Geophysical research: article

Application of machine learning methods in tomography of receiving functions
E.G. Kozlovskaya3
I.V. Malygin1
1 Schmidt Institute of Physics of the Earth, Russian Academy of Sciences, Moscow, Russia 2 Geophysical Center, Russian Academy of Sciences, Moscow, Russia 3 Oulu Mining School Faculty of Technology University of Oulu, Finland
Journal: Geophysical research
Tome: 23
Number: 1
Year: 2022
Pages: 49-61
UDK: 550.8.05+004.85
DOI: 10.21455/gr2022.1-4
Full text
Keywords: 3D image, receiving functions, machine learning method, nearest neighbor method, Fennoscandia, postglacial uplift, near-surface layer of low S-wave velocities
Аnnotation: A method for constructing a three-dimensional digital seismic model from a set of one-dimensional dependences of the elastic properties of the medium on depth is described. Such problem arises, for example, when interpreting interborehole measurements.

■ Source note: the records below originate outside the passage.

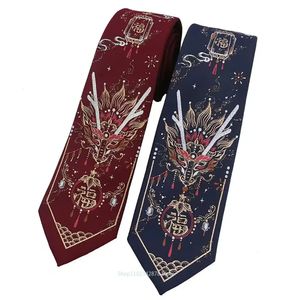 Original JKDK TIE CHINES LOONG FU YEARS DRAGON TEMA SHIRT MIRFERNIC MEN KVINNER AITACHERS LOVERS TIE240409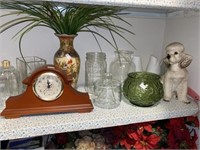 Mantle Clock, Vases, Candle Holders, Decor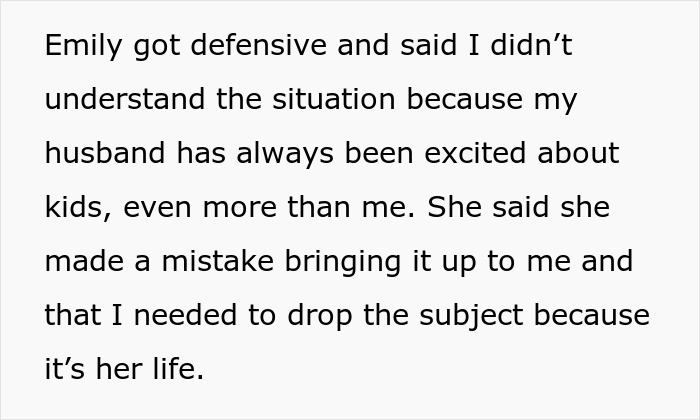 Text about a woman discussing her husband's excitement about having kids and her defensive response. Text about a woman discussing her husband's excitement about having kids and her defensive response.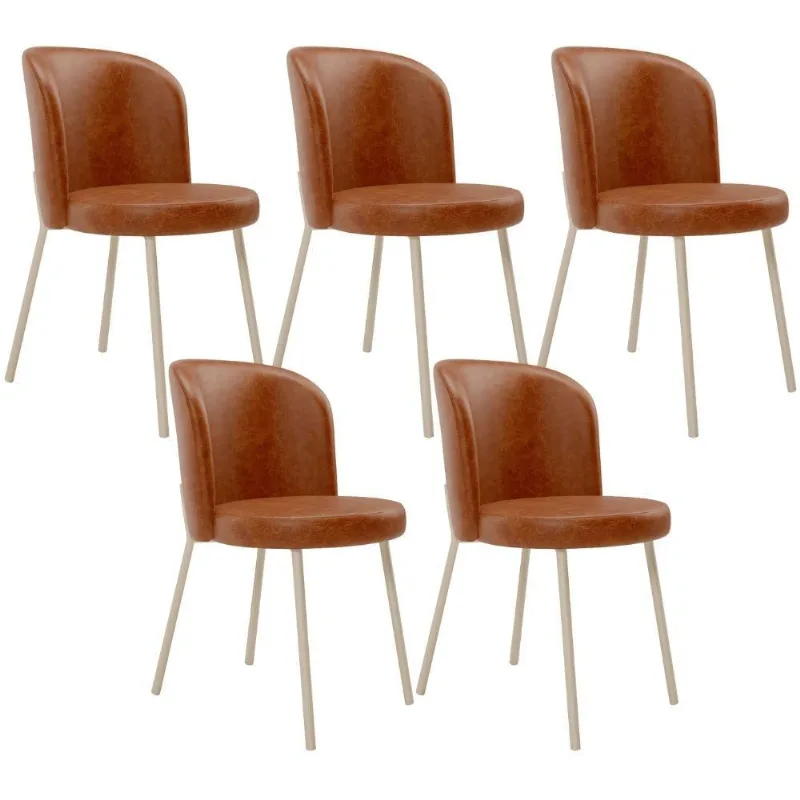 Kit 5 Cadeiras Sala de Jantar Estofada Gavi Arena L02 Couríssimo Camel - Lyam Decor - Lyam Decor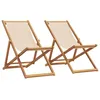 Image de Vidaxl Chaises De Plage Pliantes Lot De 2 Beige Tissu Et Bois Massif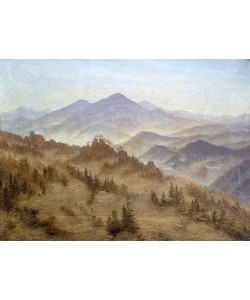 Caspar David Friedrich, Gebirge bei aufsteigendem Nebel. Ca. 1835.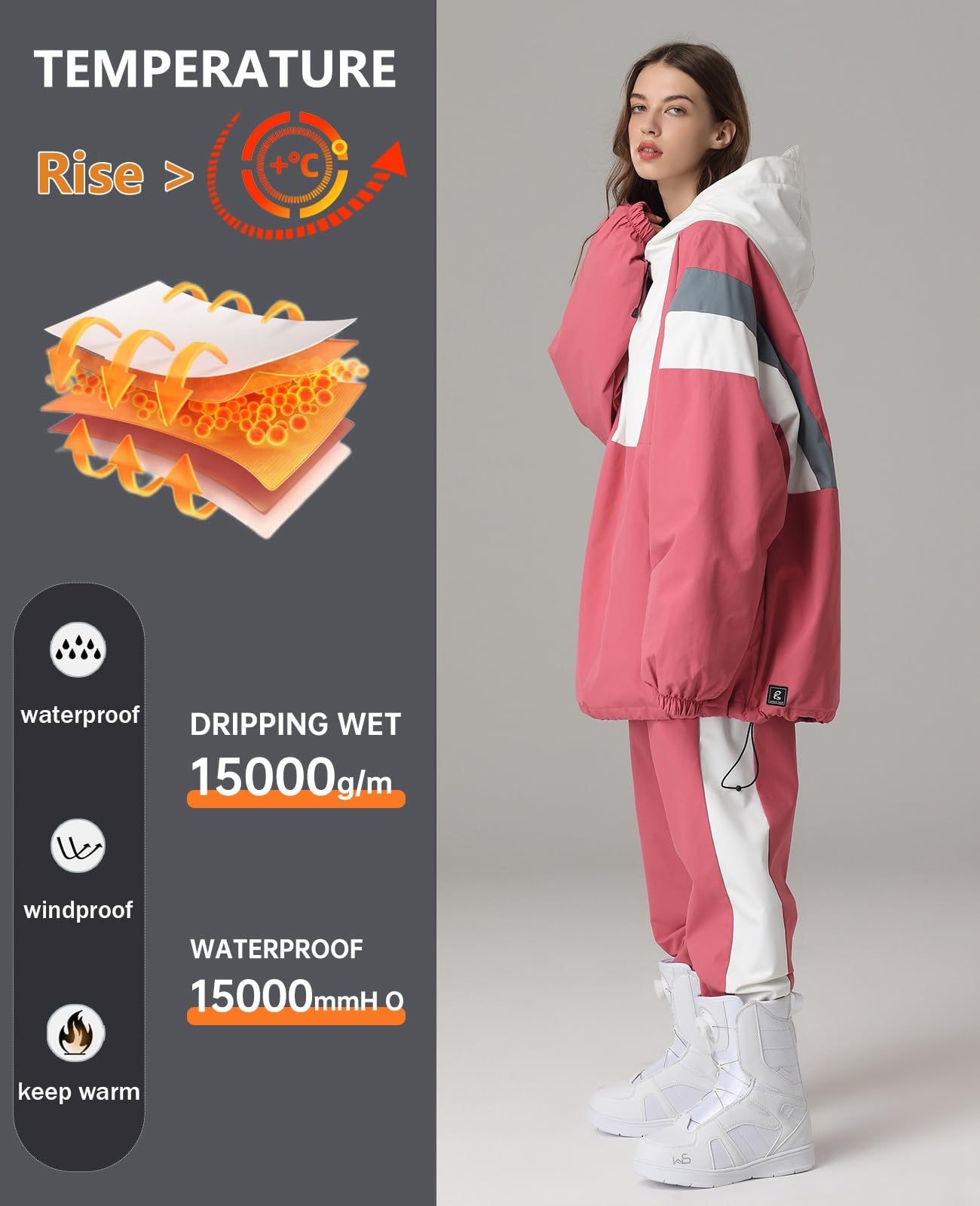 HOUZONIY Traje de esquí para hombre y mujer, traje de esquí para mujer, mono de esquí para invierno, cálido, para esquiar, para exteriores, con capucha, cierre de cremallera, traje de esquí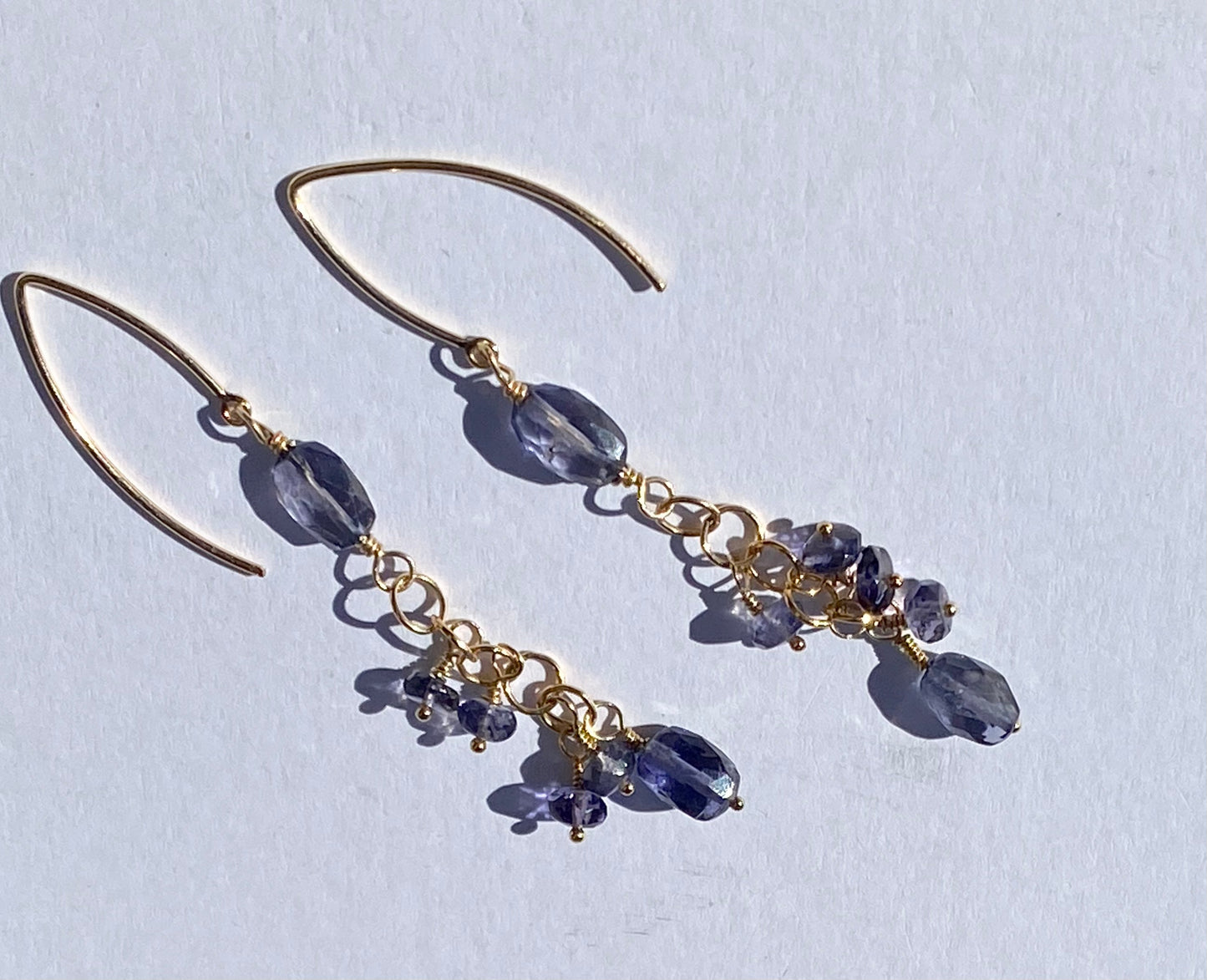 Iolite dangle earrings 14k gold filled - Sacred Birch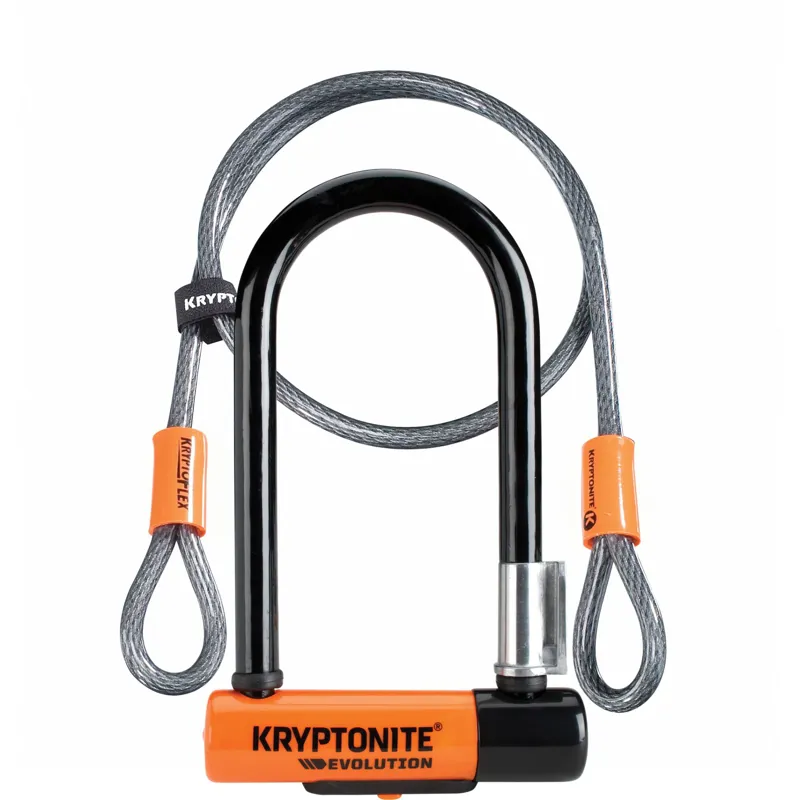 Krypronite Evolution Mini-7 Gold Secure D-Lock with 4ft Flex Cable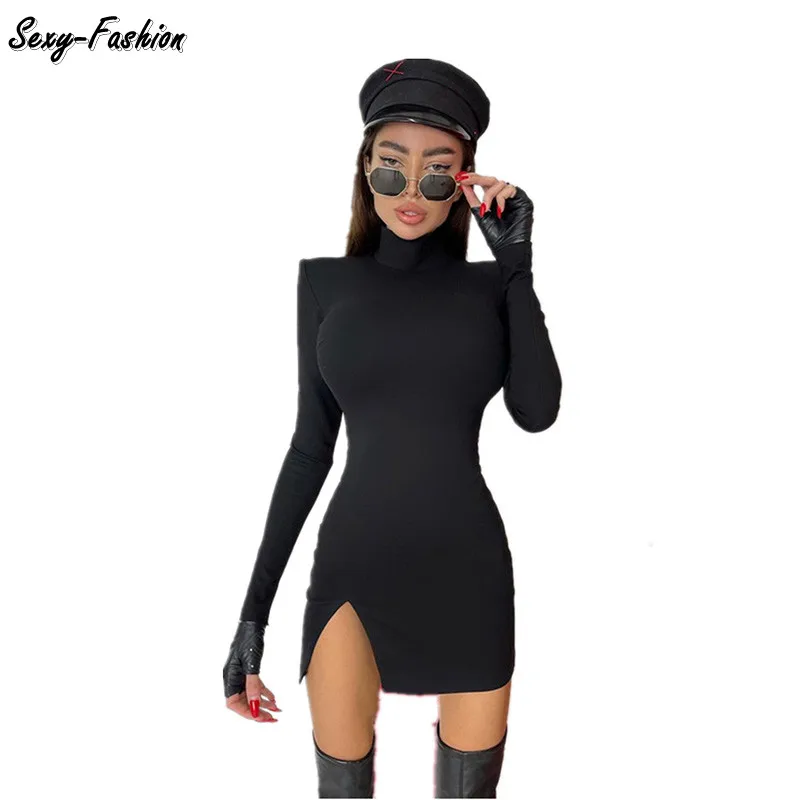 

Осенне-зимнее черное облегающее женское платье Somoshein с длинным рукавом, однотонные пикантные обтягивающие вечерние мини-платья 2021, женская ...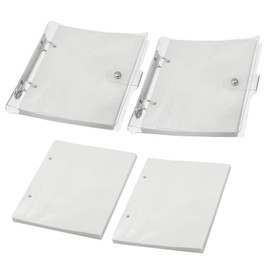 PATIKIL Glitter Photo Album with 100 Pockets, 2 Pack Picture Folding Book with 50 Pages 4x6 Inch Refillable Double Sided 2 Compartments Photo Sleeve for Postcards Transparent White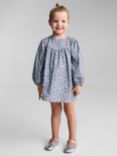 Mango Kids' Cotton Floral Long Sleeve Dress, Medium Blue/Multi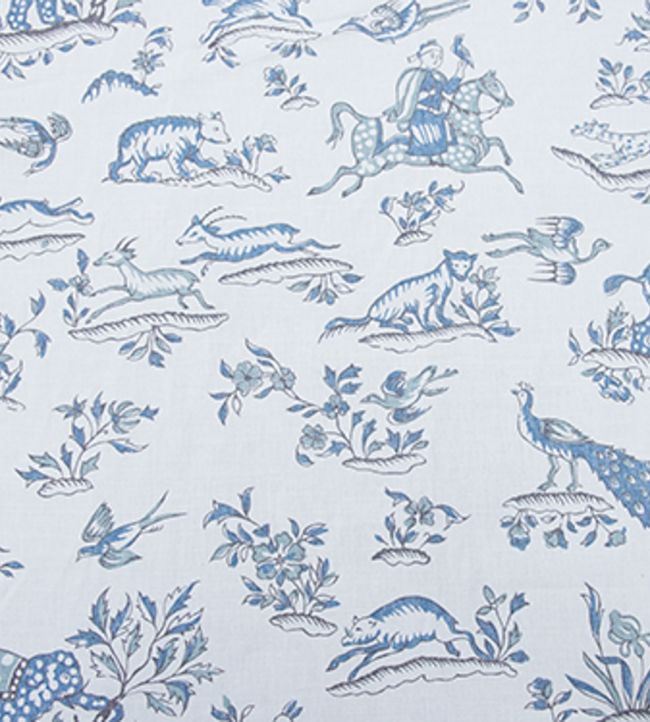 Gujarat Safari Fabric by Titley and Marr Sky Grey and Prussian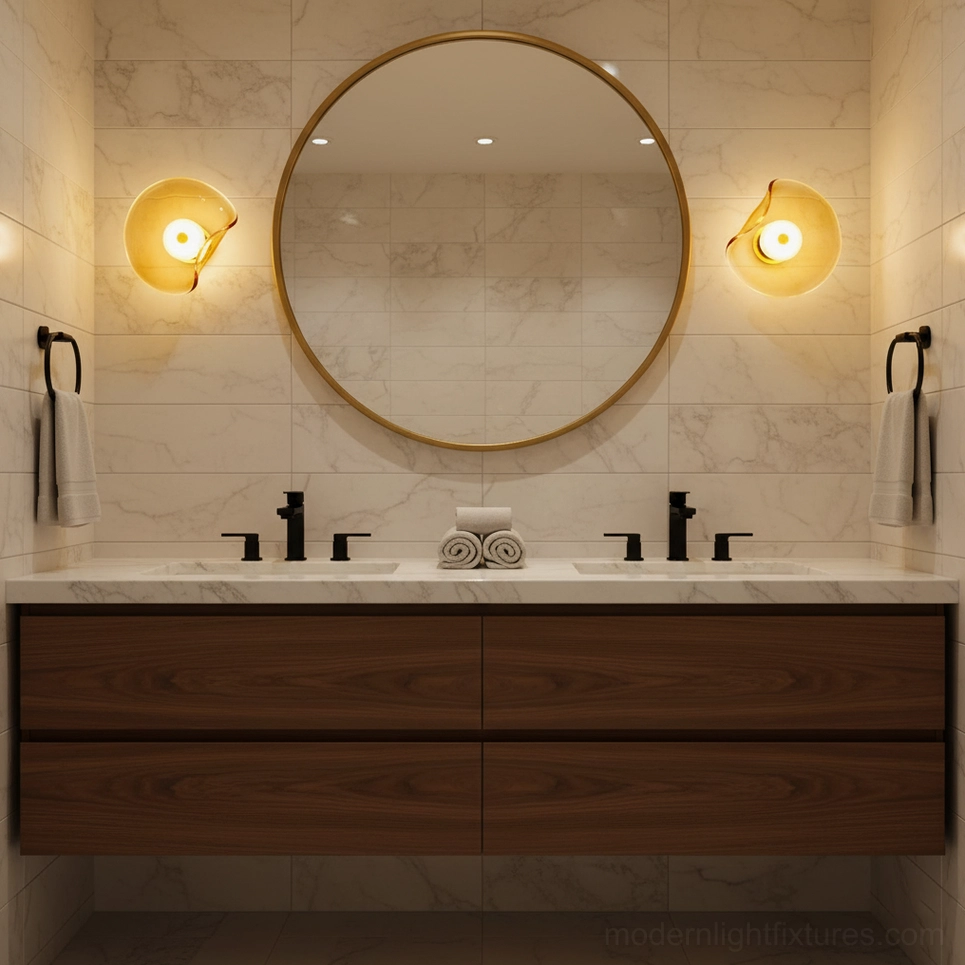 Pair of Nebulae glass wall sconces in luxury bathroom - marble tile walls with gold-framed mirror and amber lighting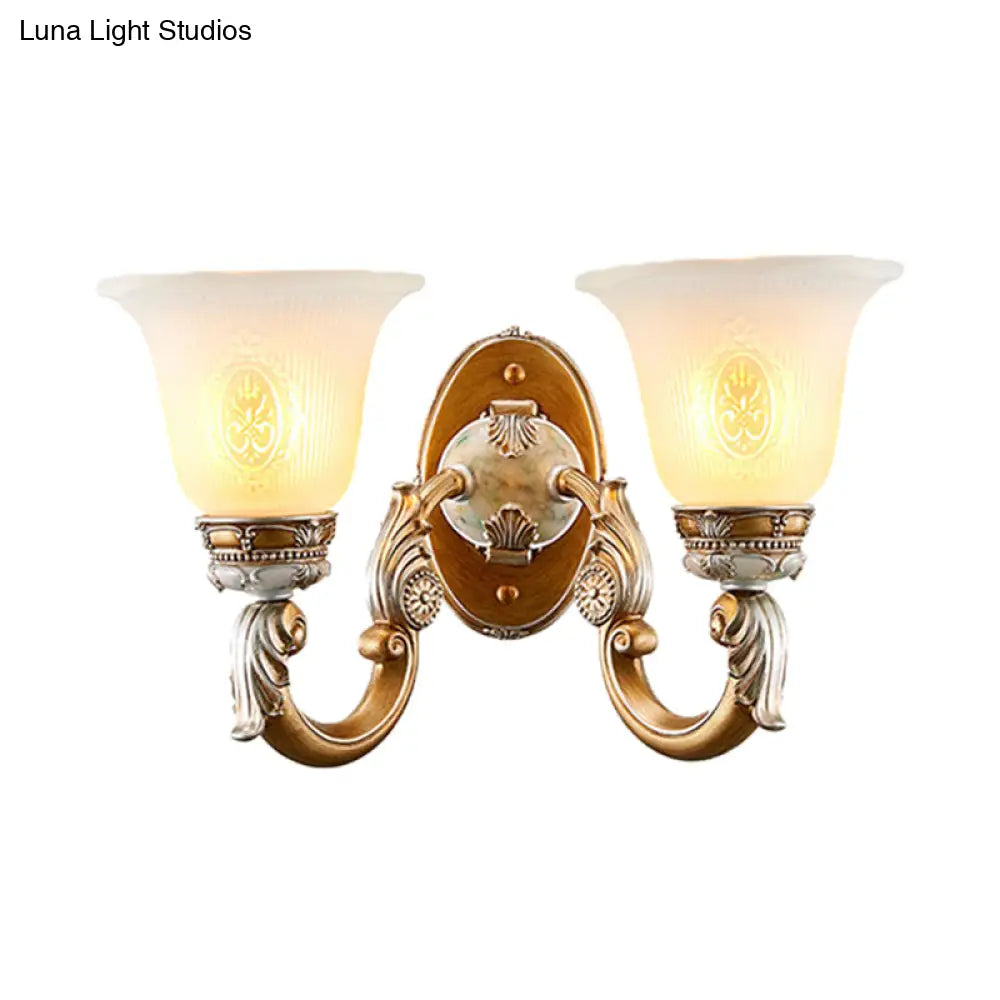 Traditional Bell Shape Fluted Opal Glass Wall Sconce Half-Head Lighting In Brown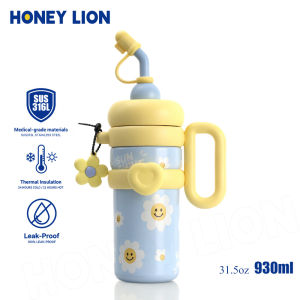 930ML Insulated Coffee Tumbler with Straw & Lock - Grade 316 Stainless Steel Vacuum Flask - 24H Cold Spill-Proof Mug for Iced Tea & Milk Tea Lovers- HoneyLion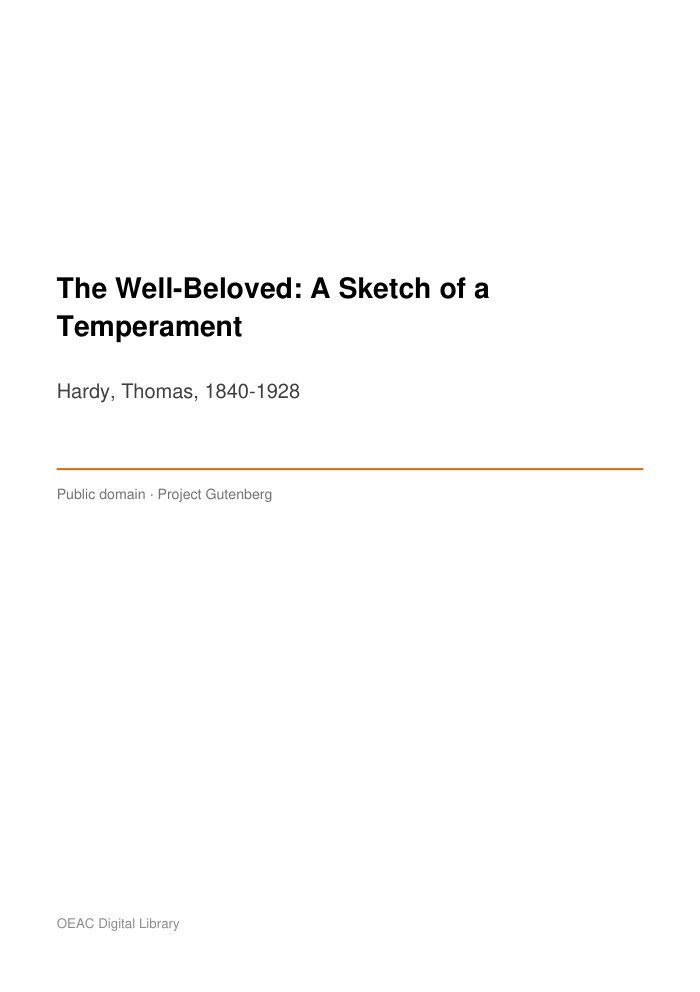 The Well-Beloved: A Sketch of a Temperament — cover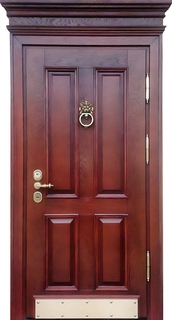 Утепленная термодверь с кнокером, карнизом и отбойником (МДФ шпон с багетом) Утепленная термодверь с кнокером, карнизом и отбойником (МДФ шпон с багетом)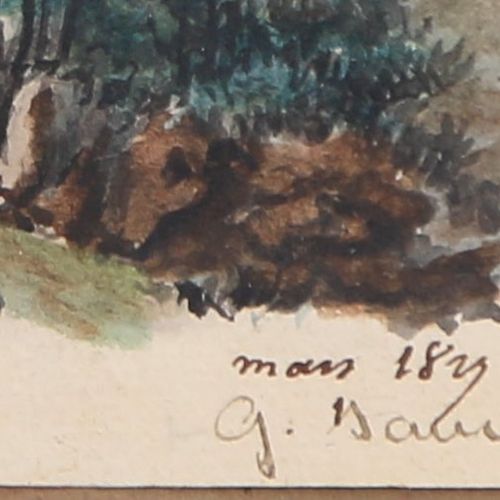 Null GEORGE SAND (Paris 1804-Nohan 1876) Paysage animé au château en ruine Aquar&hellip;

A similar problem is also relevant when processing data from passive seismic experiments, when a significant number of seismic stations are installed close to each other with-in the studied region. If we use the method of receiving functions to process remote earthquakes recorded at sta-tions, then from the record at each of the stations we can obtain a velocity section – the dependence of the elastic properties of the medium under the station on depth. It is usually assumed that the medium directly under the station is laterally homogeneous. In this case, the dependence of the elastic parameters on the vertical coordinate can be parametrized by a set of flat layers. The presented method allows to build a three-dimensional seismic image of the region under study using a set of such models. The main challenge is the strong anisotropy of the spatial distribution of the input data. The distance between stations in experiments of this kind is determined by the first Fresnel zone of teleseismic phases and averages 50–100 km. At the same time, the distance between the values specified by the layered model is an order of magnitude less. It is shown that the problem can be solved by a scaling transformation of the horizontal coordinates. To determine the scale factor, methods developed in the theory of machine learning were used. This method is applicable when the elastic parameters of the medium change smoothly between stations. In other words, there are no sub-vertical faults between the stations. As an illustration, a three-dimensional digital model of the southern part of Fennoscandia was built according to the data of the European passive seismic experiment SVEKALAPKO. The obtained result made it possible to reveal some structural features of the upper crust in the area of contact between Archean and Proterozoic rocks caused by postglacial relaxation.